## WHAT IS NEEDED
Only the pictures should be left out; repeat the rest of the data exactly.

□ □ □ □ □

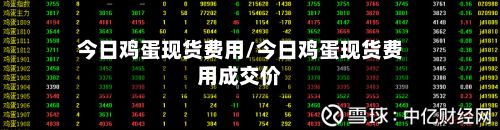 今日鸡蛋现货费用/今日鸡蛋现货费用成交价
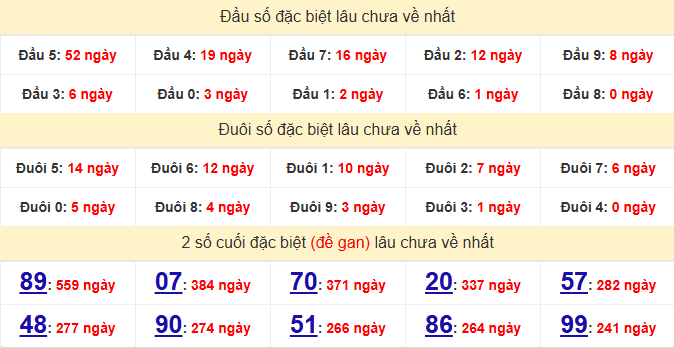 dac-biet-dong-thap-lau-ve-ngay-19-1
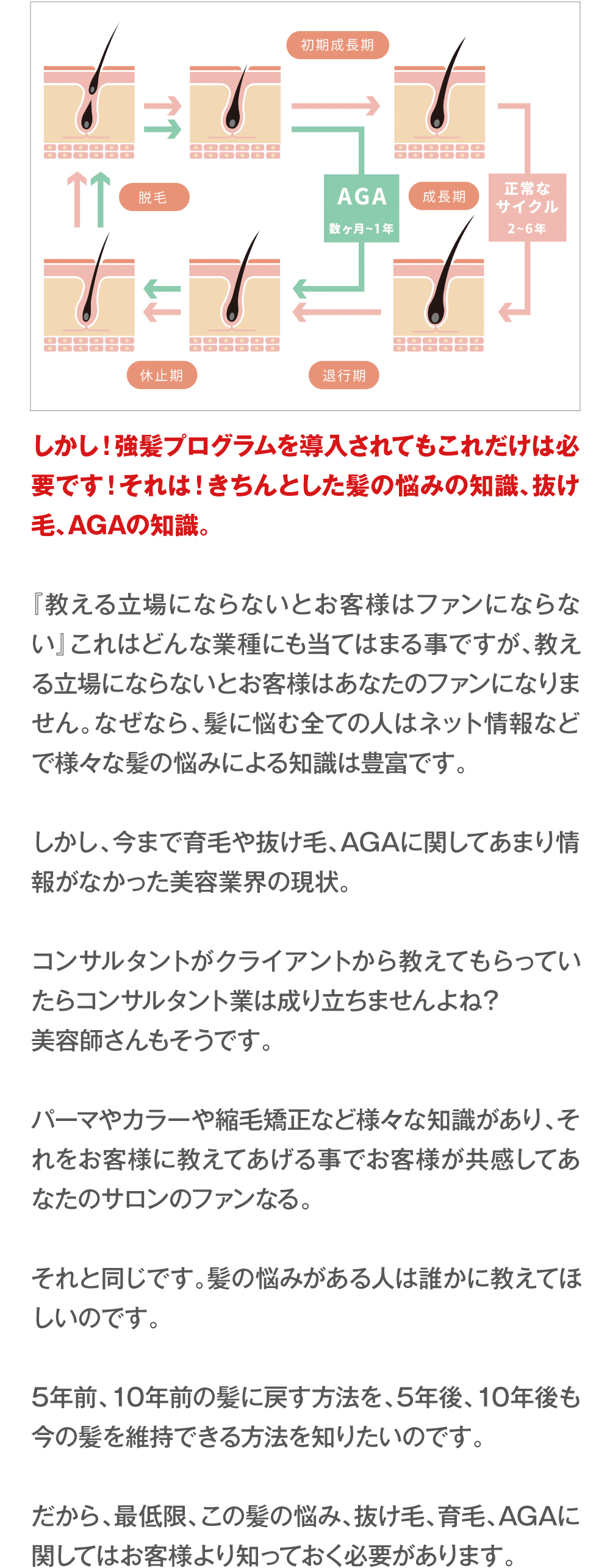 しかし！強髪プログラムを導入されてもこれだけは必要です！それは！きちんとした髪の悩みの知識、抜け毛、AGAの知識。『教える立場にならないとお客様はファンにならない』これはどんな業種にも当てはまる事ですが、教える立場にならないとお客様はあなたのファンになりません。なぜなら、髪に悩む全ての人はネット情報などで様々な髪の悩みによる知識は豊富です。
しかし、今まで育毛や抜け毛、AGAに関してあまり情報がなかった美容業界の現状。コンサルタントがクライアントから教えてもらっていたらコンサルタント業は成り立ちませんよね？美容師さんもそうです。パーマやカラーや縮毛矯正など様々な知識があり、それをお客様に教えてあげる事でお客様が共感してあなたのサロンのファンなる。それと同じです。髪の悩みがある人は誰かに教えてほしいのです。5年前、10年前の髪に戻す方法を、5年後、10年後も今の髪を維持できる方法を知りたいのです。だから、最低限、この髪の悩み、抜け毛、育毛、AGAに関してはお客様より知っておく必要があります。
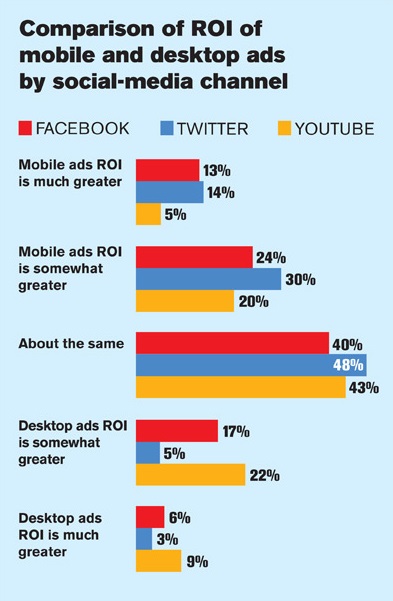 Рекламодатели продолжают увеличивать бюджеты на рекламу в социальных сетях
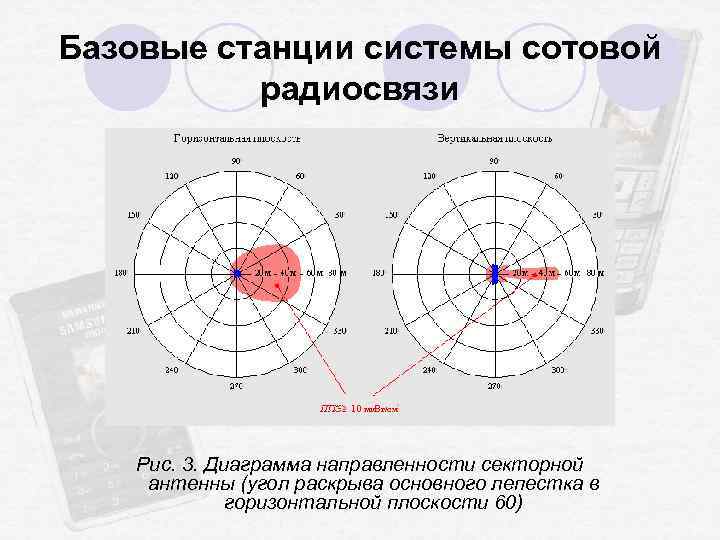 Базовые станции системы сотовой радиосвязи Рис. 3. Диаграмма направленности секторной антенны (угол раскрыва основного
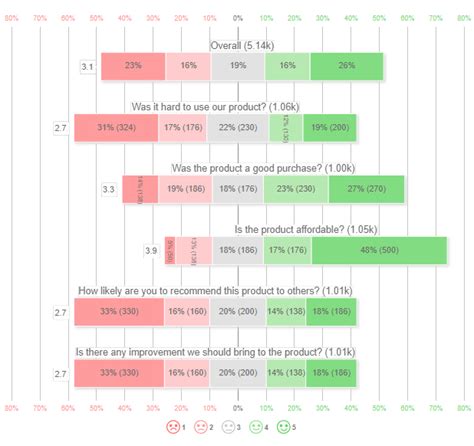 how to analyze questionnaire data|how do you analyze data.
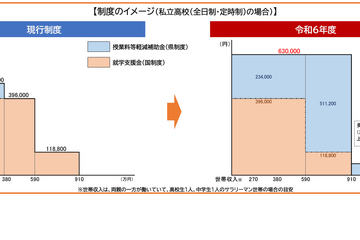 【高校受験2024】奈良県、授業料「実質無償化」スタート…最大63万円 画像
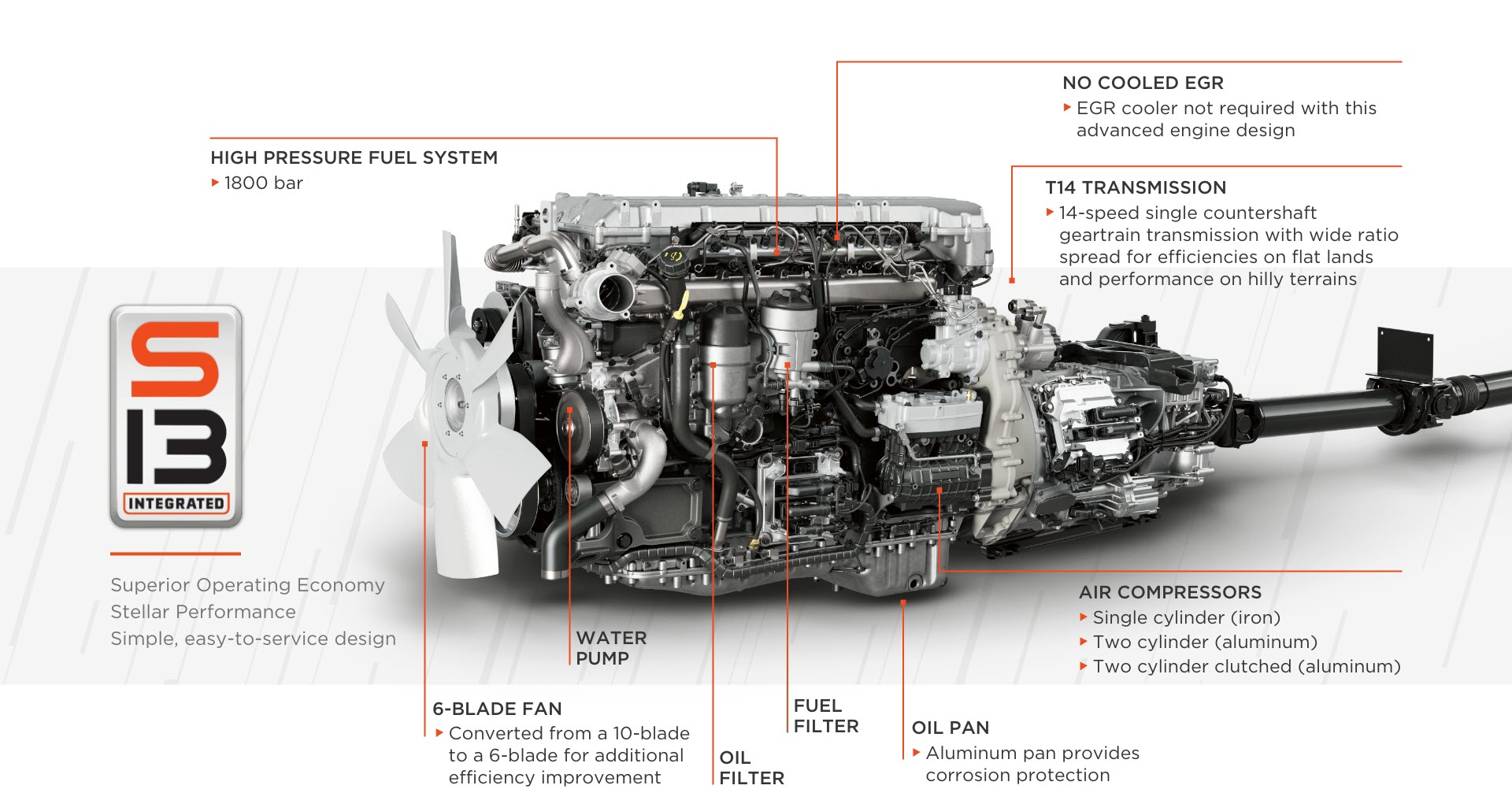 Best School Bus Engine: Unleash the Full Power and Reliability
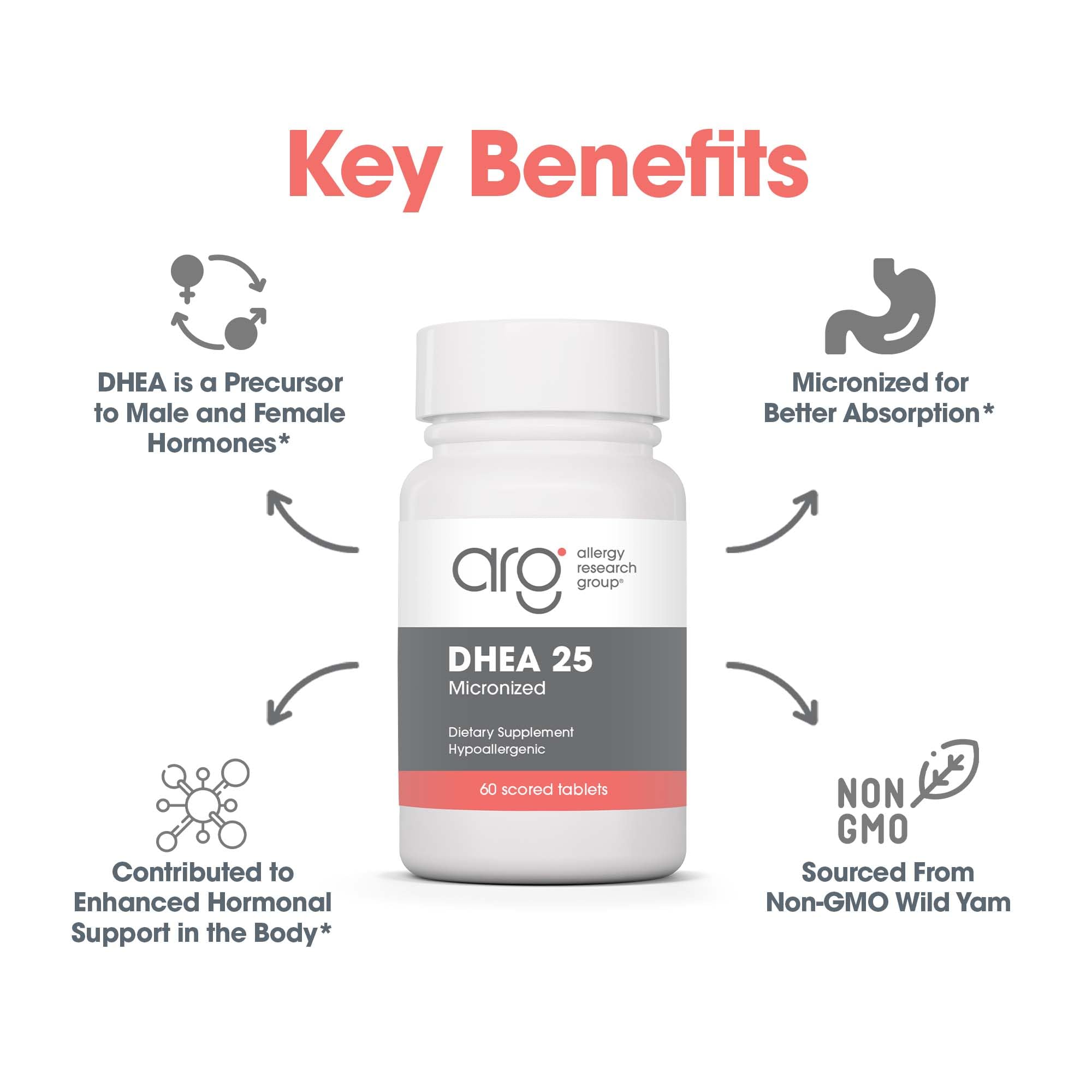 DHEA 25mg Supplement – Allergy Research Group | Hormone Support, Hypoallergenic, Soy-Free (60 Count)
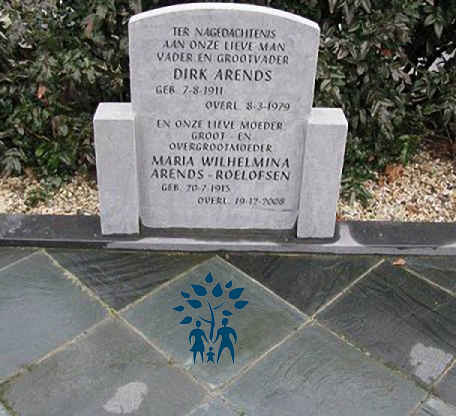 Klik voor foto in apart venster dirk_arends___maria_wilhelmina_roelofsen.jpg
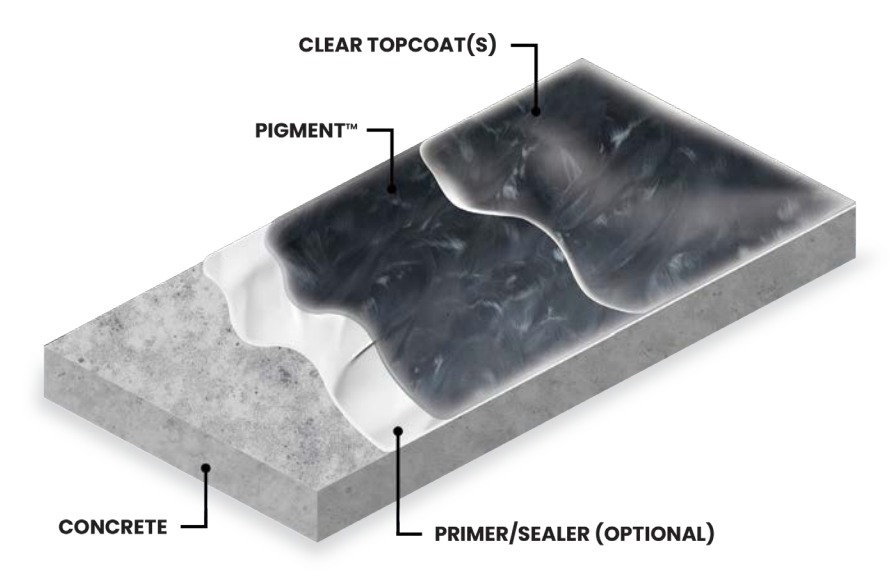 Diagram showing the layers of a concrete coating: concrete base, optional primer/sealer, pigment layer, and clear topcoat.
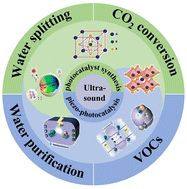 Graphical abstract: Advances in ultrasound-assisted photocatalyst synthesis and piezo-photocatalysts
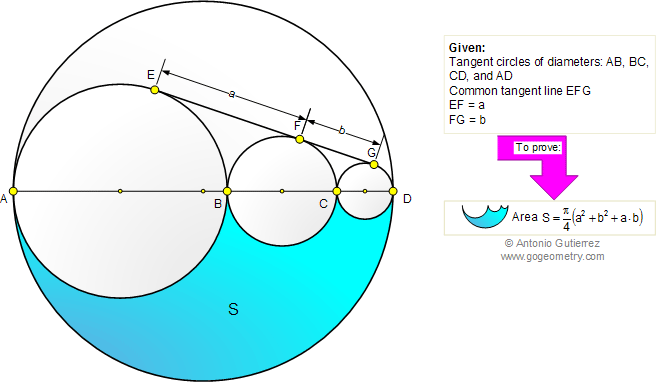Cuatro circunferencias tangentes, tangente comun, Area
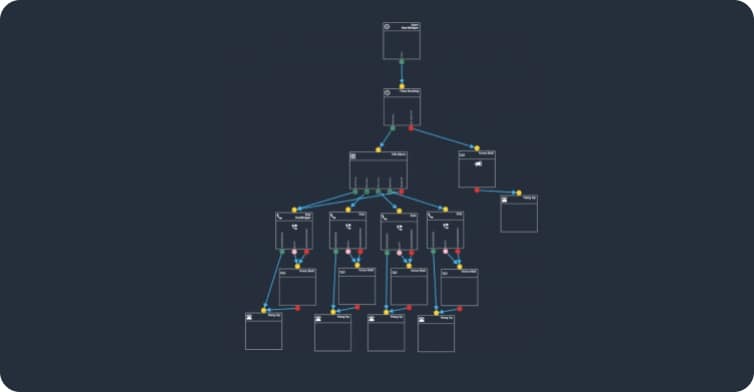 IVR System structure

□ □ □ □ □

## WRITTEN SOLUTION
 今日鸡蛋现货费用/今日鸡蛋现货费用成交价
 dac-biet-dong-thap-lau-ve-ngay-19-1
 しかし！強髪プログラムを導入されてもこれだけは必要です！それは！きちんとした髪の悩みの知識、抜け毛、AGAの知識。『教える立場にならないとお客様はファンにならない』これはどんな業種にも当てはまる事ですが、教える立場にならないとお客様はあなたのファンになりません。なぜなら、髪に悩む全ての人はネット情報などで様々な髪の悩みによる知識は豊富です。
しかし、今まで育毛や抜け毛、AGAに関してあまり情報がなかった美容業界の現状。コンサルタントがクライアントから教えてもらっていたらコンサルタント業は成り立ちませんよね？美容師さんもそうです。パーマやカラーや縮毛矯正など様々な知識があり、それをお客様に教えてあげる事でお客様が共感してあなたのサロンのファンなる。それと同じです。髪の悩みがある人は誰かに教えてほしいのです。5年前、10年前の髪に戻す方法を、5年後、10年後も今の髪を維持できる方法を知りたいのです。だから、最低限、この髪の悩み、抜け毛、育毛、AGAに関してはお客様より知っておく必要があります。
 Рекламодатели продолжают увеличивать бюджеты на рекламу в социальных сетях
 Базовые станции системы сотовой радиосвязи Рис. 3. Диаграмма направленности секторной антенны (угол раскрыва основного
 how to analyze questionnaire data|how do you analyze data.
 【高校受験2024】奈良県、授業料「実質無償化」スタート…最大63万円 画像
 Best School Bus Engine: Unleash the Full Power and Reliability
 DHEA 25mg Supplement – Allergy Research Group | Hormone Support, Hypoallergenic, Soy-Free (60 Count)
 Klik voor foto in apart venster dirk_arends___maria_wilhelmina_roelofsen.jpg
 Diagram showing the layers of a concrete coating: concrete base, optional primer/sealer, pigment layer, and clear topcoat.
 Graphical abstract: Advances in ultrasound-assisted photocatalyst synthesis and piezo-photocatalysts
Cuatro circunferencias tangentes, tangente comun, Area
 IVR System structure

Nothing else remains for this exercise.